• _The problem_:
The required output is the exact run of lines in the listing below from the line holding "WANDBILD BUDDHA-STATUE MIT" through the line holding "Weihnachtsregenbogen-Schneemann png", with no pictures.

• _Records provided_:
========================================

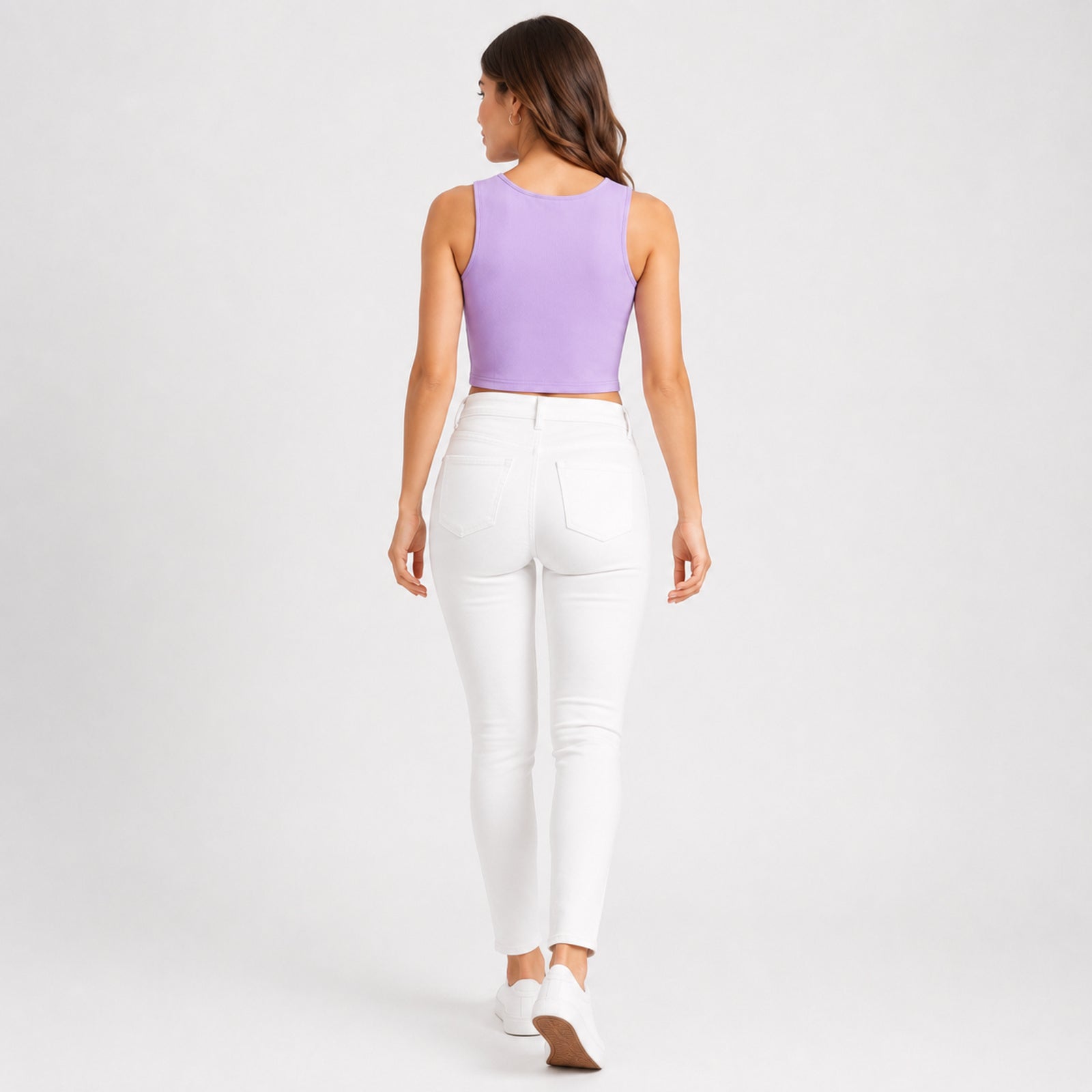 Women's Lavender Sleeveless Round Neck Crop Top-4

========================================

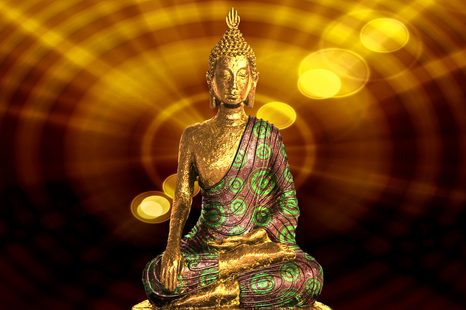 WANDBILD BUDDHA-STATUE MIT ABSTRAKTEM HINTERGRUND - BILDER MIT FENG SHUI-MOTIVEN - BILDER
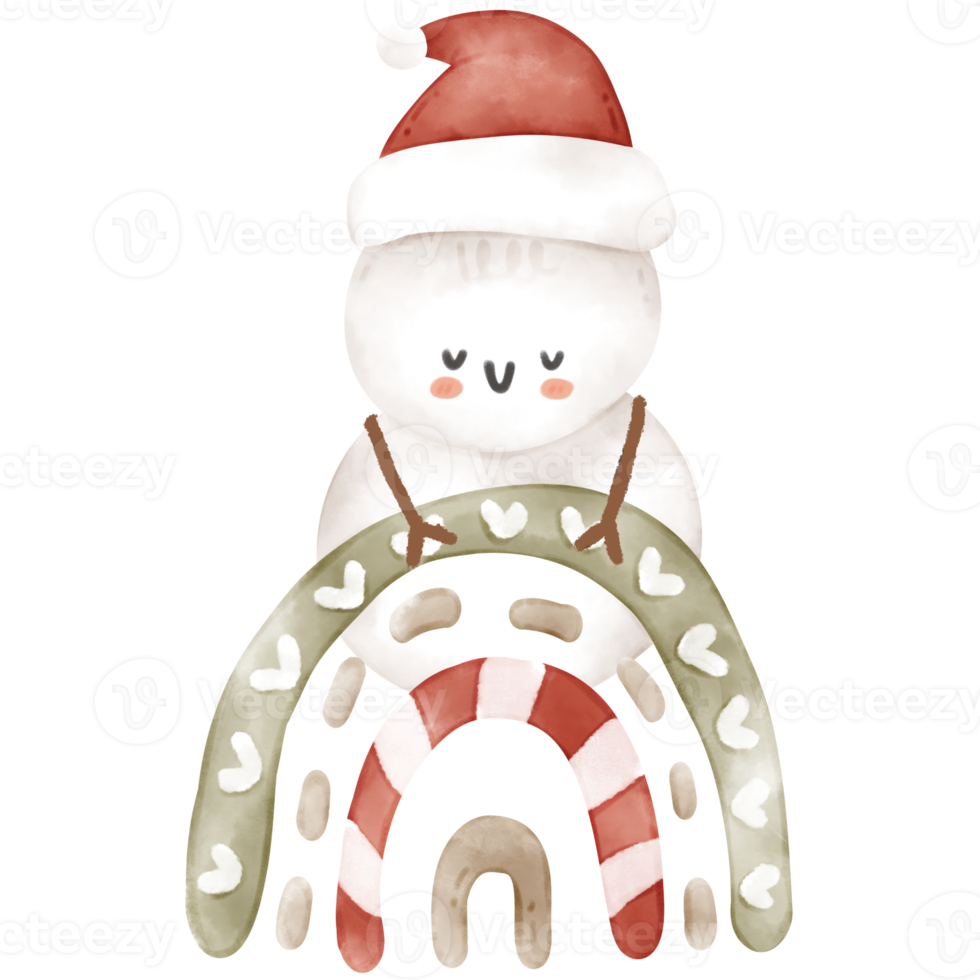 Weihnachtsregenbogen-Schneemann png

========================================

• _Task result_:
 WANDBILD BUDDHA-STATUE MIT ABSTRAKTEM HINTERGRUND - BILDER MIT FENG SHUI-MOTIVEN - BILDER
 Weihnachtsregenbogen-Schneemann png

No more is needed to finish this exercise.